O ontem …
(Foto do Grupo Café Sobe e Desce –
Vassal)
Nas aldeias e vilas, a noite traz o descanso
dos trabalhadores que desde cedo se dedicaram à labuta nos campos ou na
construção civil, já que a indústria no interior é praticamente inexistente.
Após muitas horas de trabalho braçal, o
regaço do lar apresenta-se aos homens e mulheres, no seu quadro de conforto e
aconchego. Forram-se os estômagos e apazigua-se a fome, acalmando o corpo. A
alma sossega depois de um dia de preocupações e inquietudes, precisa agora de
alimento humano: de socialização, conversação e de palavras calorosas, ditas da
voz de um amigo ou conhecido que ajude a estabilizar a mente.
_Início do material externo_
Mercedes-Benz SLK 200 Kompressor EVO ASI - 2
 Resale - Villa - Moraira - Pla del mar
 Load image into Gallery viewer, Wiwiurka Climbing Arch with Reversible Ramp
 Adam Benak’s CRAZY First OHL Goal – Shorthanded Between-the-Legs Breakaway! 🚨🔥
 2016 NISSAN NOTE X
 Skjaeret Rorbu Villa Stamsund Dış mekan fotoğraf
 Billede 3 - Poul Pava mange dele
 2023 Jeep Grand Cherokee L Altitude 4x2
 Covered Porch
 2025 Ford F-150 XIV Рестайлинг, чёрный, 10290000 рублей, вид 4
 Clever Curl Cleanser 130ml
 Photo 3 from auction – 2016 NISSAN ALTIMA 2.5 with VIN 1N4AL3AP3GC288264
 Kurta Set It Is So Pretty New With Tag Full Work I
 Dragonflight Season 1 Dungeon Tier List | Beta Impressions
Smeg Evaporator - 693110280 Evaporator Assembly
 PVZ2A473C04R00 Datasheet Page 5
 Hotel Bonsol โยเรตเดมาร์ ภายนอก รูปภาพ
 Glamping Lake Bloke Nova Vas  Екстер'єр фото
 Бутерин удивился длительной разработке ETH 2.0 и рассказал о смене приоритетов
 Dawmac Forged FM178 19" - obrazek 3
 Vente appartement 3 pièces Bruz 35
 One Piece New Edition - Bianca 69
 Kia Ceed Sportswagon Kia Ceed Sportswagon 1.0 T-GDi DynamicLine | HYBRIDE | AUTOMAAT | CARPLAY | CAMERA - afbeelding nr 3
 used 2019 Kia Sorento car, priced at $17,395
Dito isto, procurando agora alimentar o
espírito, sai-se de casa, em passo lento e despreocupado, absorvendo o manto da
noite estrelada, cheirando os aromas das mimosas que nesta altura vestem os
terrenos que ladeiam as povoações e entra-se na taberna, ou no café para umas
horas de relaxamento.
As caras são conhecidas. Amigos de infância,
pessoas da mesma escola de vida: da aldeia; da vila; que partilham destinos
similares, preocupações mas também alegrias.
Pedido o café para iniciar a noite, trago
após trago, as conversas fluem numa vozeria controlada e amena, com picos de
exaltação salutar, quando os temas são quentes, como é o caso das paixões
clubísticas.
Não se recusa o convite para o jogo de
cartas. Uma sueca, um chincalhão, para animar a noite e ajudar a passar o
tempo. Uns mais habituados que outros, vão-se gladiando, partida a partida, com
perícia ou não deliciando-se com a estratégia adoptada, visando ganhar as
partidas. Os bastidores são revestidos por espectadores que vão opinando entre
eles sobre as jogadas, olhando de soslaio para as cartas de cada jogador,
delineando as suas próprias estratégias, ao mesmo tempo que retemperam forças
acompanhados de uma cerveja, acompanhada de uns amendoins ou de uns tremoços.
A noite vai decorrendo numa parcimónia
harmoniosa, decorrente de troca de diálogos respeitantes às vidas de cada um,
enriquecendo-se a experiência de vida, estreitando-se laços de amizade, mas
acima de tudo socializando.
O hoje …
Nas cidades (e hoje também em muitos locais
do interior), vivesse sem tempo, apressados para o nada, trilhando-se caminhos
vazios, mostrando-nos sempre insaciáveis e insatisfeitos com o que a vida nos
dá!
Este cenário de socialização pessoal e plena é hoje cada vez mais irreal,
transfigurado pelas novas tecnologias, usadas por todos nós, as quais estão a
matar a socialização humana.
Os jogos reais são substituídos pelos
virtuais, as conversas pelos chats, os amigos reais pelos virtuais … é este o
caminho que se segue, cabendo a todos controlar ímpetos da utilização abusiva e
viciante das novas tecnologias como é o caso dos Smartphones que são
transportados para todo o lado.
A voz jaz muda, substituída pelos sons dos
teclados, não se ouvem as palavras cujo aconchego tanto necessita a alma
humana. O som das teclas é impessoal, frio, deprimente. Escrever a palavra
amor, vê-la num ecrã, não preenche o sentimento. Tal ocorre se dita
pessoalmente com sonoridade, afecto, ouvindo-se a voz de quem a diz, olhando-a
nos olhos, absorvendo o momento, retendo a energia que dali emana.
A culpa essa não é do avanço tecnológico, mas
tão só de cada um de nos, que pode e deve ter tempo para socializar com pessoas
reais, afastando as tecnologias quando na presença de amigos, devendo
substituir o Chat pelo diálogo.
É deprimente entrar hoje num café polvilhado
de jovens de todas as idades e ver que todos eles regrediram aos primórdios da
espécie humana, curvando-se olhado para o visor, abstraídos ao mundo real.